• _Exercise_
Leaving out pictures, output exactly the lines below from the one that has "Cachorro ra a" through the one that has "antibody-DME100077 CD33 FLOW FIG2B", and nothing else.

• _Data for this task_
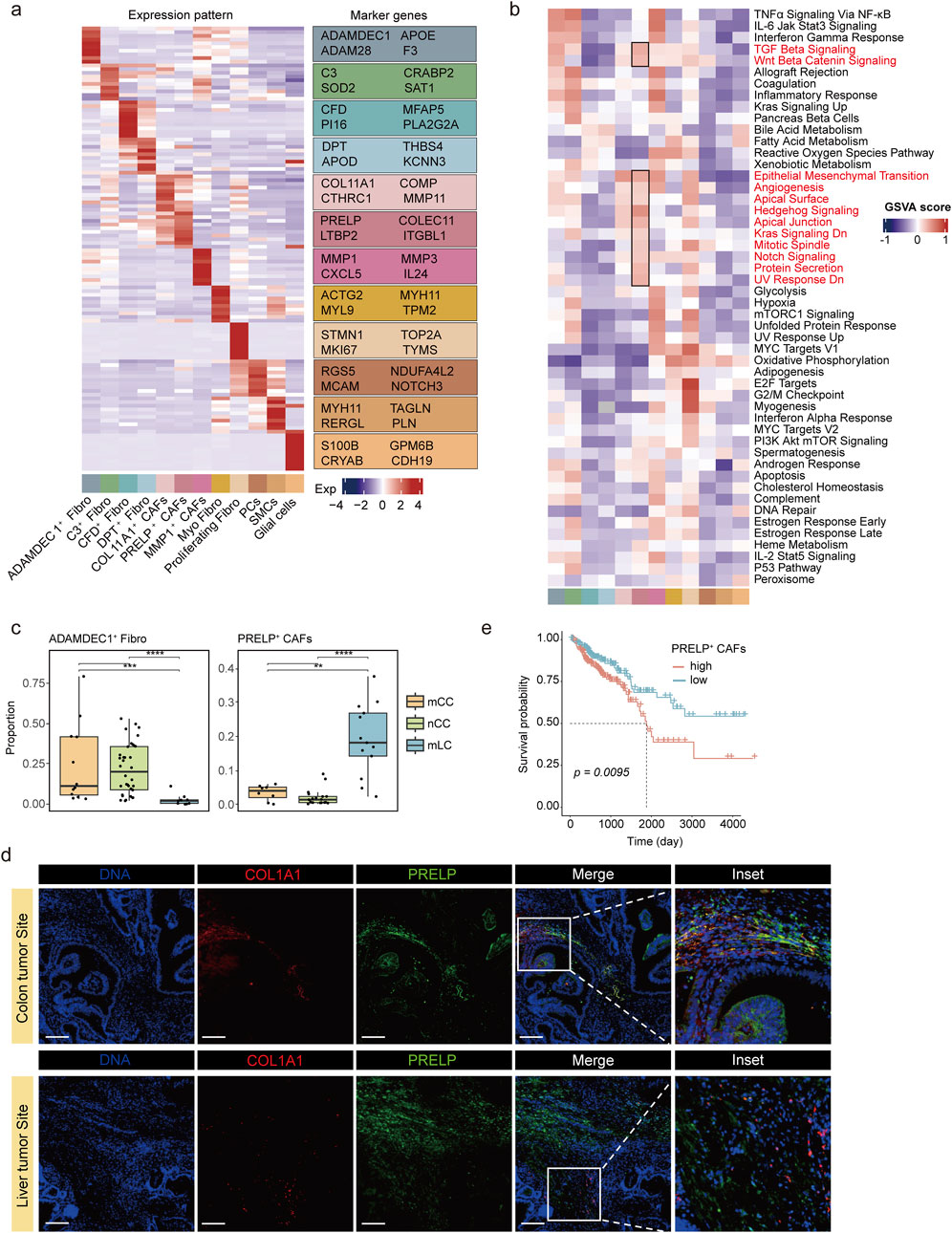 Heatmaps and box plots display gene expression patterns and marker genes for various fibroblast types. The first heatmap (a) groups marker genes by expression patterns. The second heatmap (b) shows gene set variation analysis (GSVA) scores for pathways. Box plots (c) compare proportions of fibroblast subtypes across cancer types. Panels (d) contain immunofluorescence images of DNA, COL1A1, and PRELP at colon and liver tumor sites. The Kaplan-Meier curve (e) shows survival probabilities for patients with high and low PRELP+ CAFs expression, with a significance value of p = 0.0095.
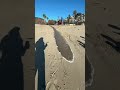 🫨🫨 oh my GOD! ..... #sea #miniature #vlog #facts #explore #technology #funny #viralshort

==

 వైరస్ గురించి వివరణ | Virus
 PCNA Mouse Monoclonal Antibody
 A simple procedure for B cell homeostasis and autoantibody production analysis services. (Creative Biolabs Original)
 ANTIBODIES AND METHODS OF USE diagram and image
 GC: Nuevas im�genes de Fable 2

==

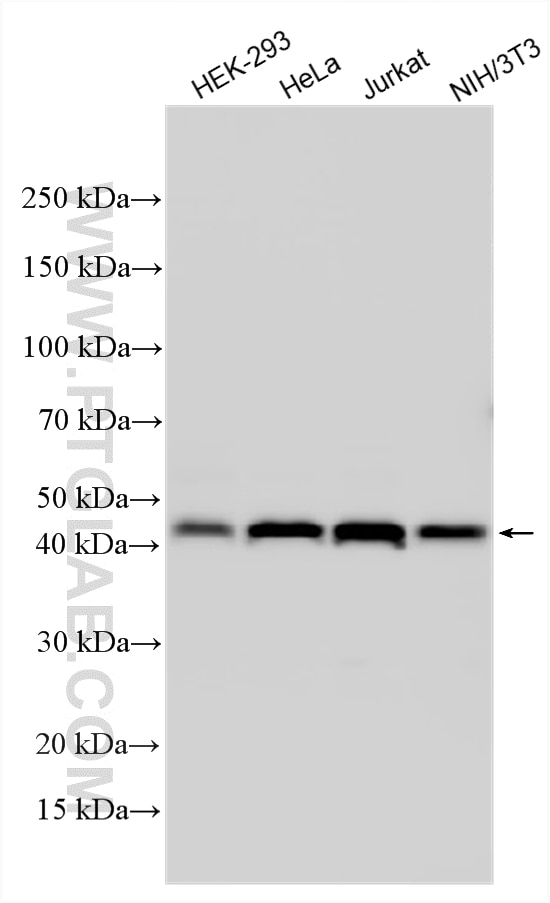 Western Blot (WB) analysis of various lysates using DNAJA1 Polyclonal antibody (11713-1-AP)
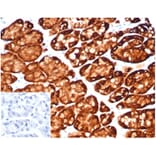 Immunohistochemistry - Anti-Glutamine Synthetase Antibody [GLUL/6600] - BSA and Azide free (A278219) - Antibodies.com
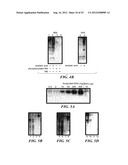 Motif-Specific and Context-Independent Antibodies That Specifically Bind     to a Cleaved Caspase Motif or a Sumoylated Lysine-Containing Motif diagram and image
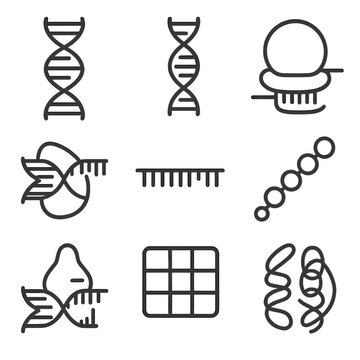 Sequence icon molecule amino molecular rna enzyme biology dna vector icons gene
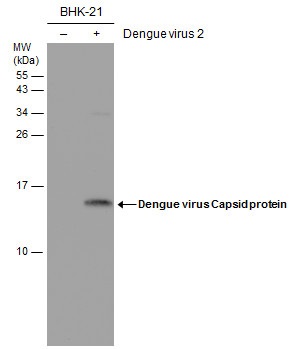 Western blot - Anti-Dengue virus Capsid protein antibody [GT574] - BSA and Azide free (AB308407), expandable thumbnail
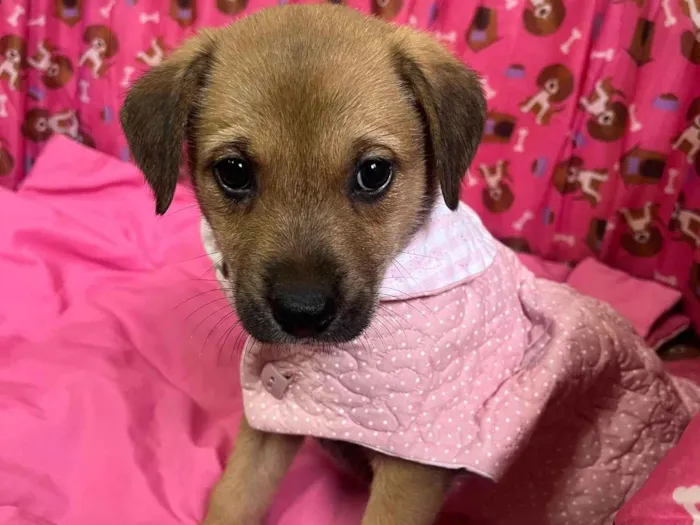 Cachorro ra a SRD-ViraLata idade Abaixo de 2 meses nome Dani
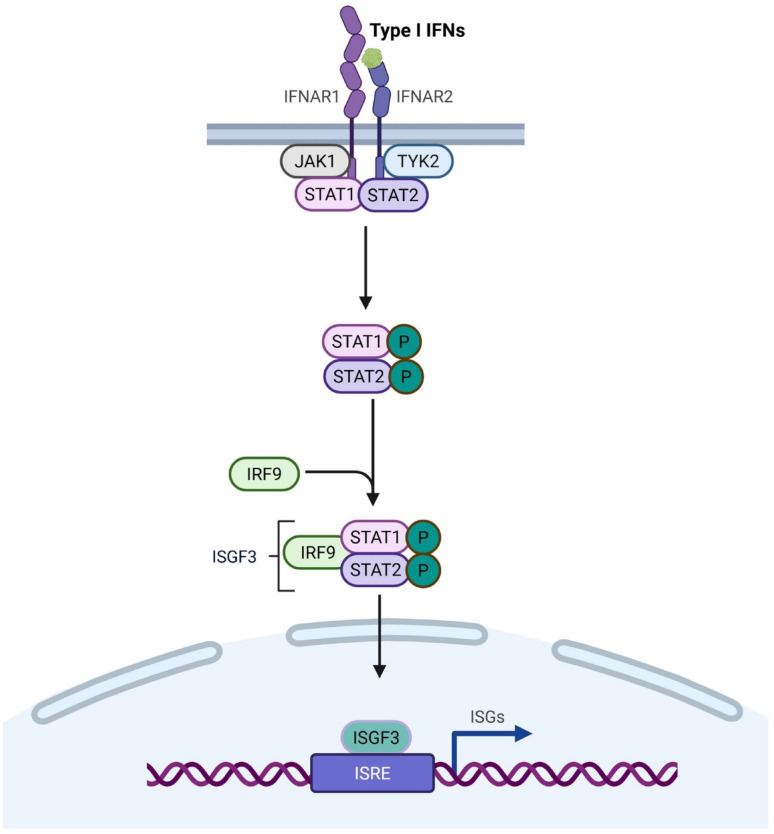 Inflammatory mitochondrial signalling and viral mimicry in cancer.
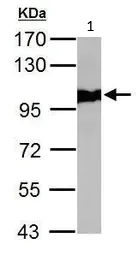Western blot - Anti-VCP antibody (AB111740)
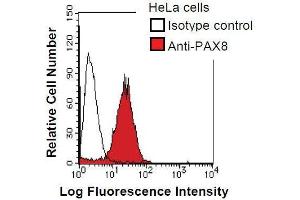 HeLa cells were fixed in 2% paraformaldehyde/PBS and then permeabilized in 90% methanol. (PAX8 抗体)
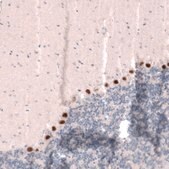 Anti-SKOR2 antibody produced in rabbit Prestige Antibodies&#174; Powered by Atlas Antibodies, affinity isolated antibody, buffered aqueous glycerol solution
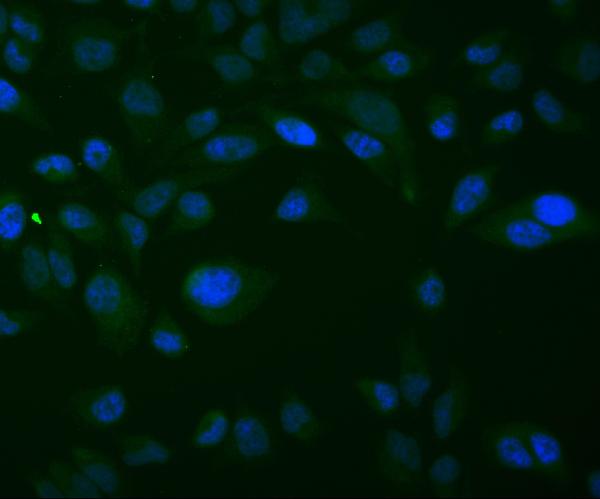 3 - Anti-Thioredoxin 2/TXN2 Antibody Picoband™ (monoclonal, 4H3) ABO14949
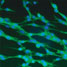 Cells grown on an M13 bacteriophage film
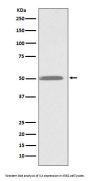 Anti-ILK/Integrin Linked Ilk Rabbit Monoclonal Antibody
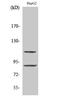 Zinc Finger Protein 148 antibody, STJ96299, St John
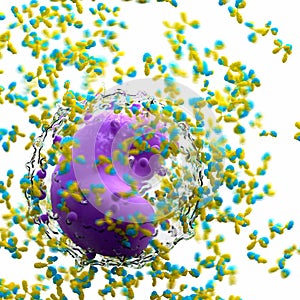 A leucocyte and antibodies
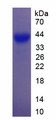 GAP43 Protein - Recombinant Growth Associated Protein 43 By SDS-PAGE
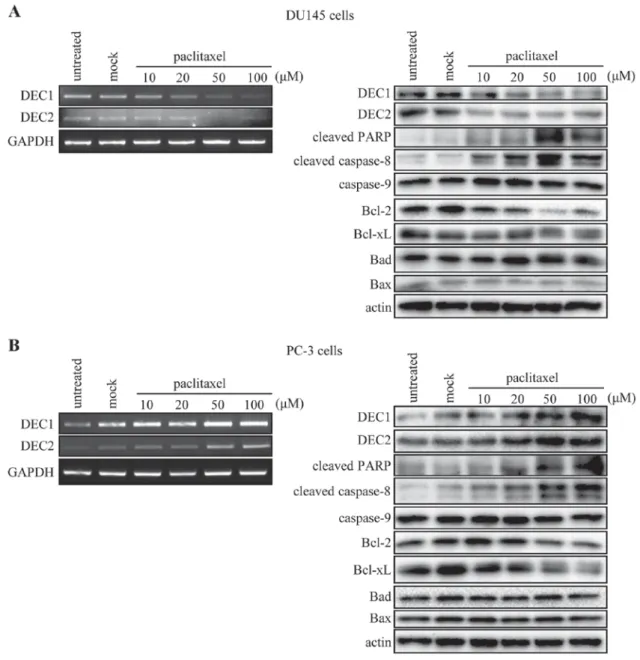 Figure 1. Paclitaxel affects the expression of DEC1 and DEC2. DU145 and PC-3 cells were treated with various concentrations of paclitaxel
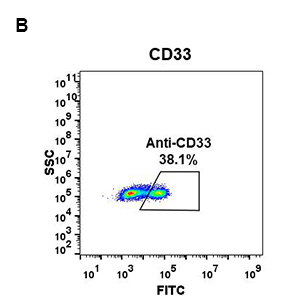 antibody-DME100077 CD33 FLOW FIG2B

• _Task response_
 Cachorro ra a SRD-ViraLata idade Abaixo de 2 meses nome Dani
 Inflammatory mitochondrial signalling and viral mimicry in cancer.
Western blot - Anti-VCP antibody (AB111740)
 HeLa cells were fixed in 2% paraformaldehyde/PBS and then permeabilized in 90% methanol. (PAX8 抗体)
 Anti-SKOR2 antibody produced in rabbit Prestige Antibodies&#174; Powered by Atlas Antibodies, affinity isolated antibody, buffered aqueous glycerol solution
 3 - Anti-Thioredoxin 2/TXN2 Antibody Picoband™ (monoclonal, 4H3) ABO14949
 Cells grown on an M13 bacteriophage film
 Anti-ILK/Integrin Linked Ilk Rabbit Monoclonal Antibody
 Zinc Finger Protein 148 antibody, STJ96299, St John
 A leucocyte and antibodies
 GAP43 Protein - Recombinant Growth Associated Protein 43 By SDS-PAGE
 Figure 1. Paclitaxel affects the expression of DEC1 and DEC2. DU145 and PC-3 cells were treated with various concentrations of paclitaxel
 antibody-DME100077 CD33 FLOW FIG2B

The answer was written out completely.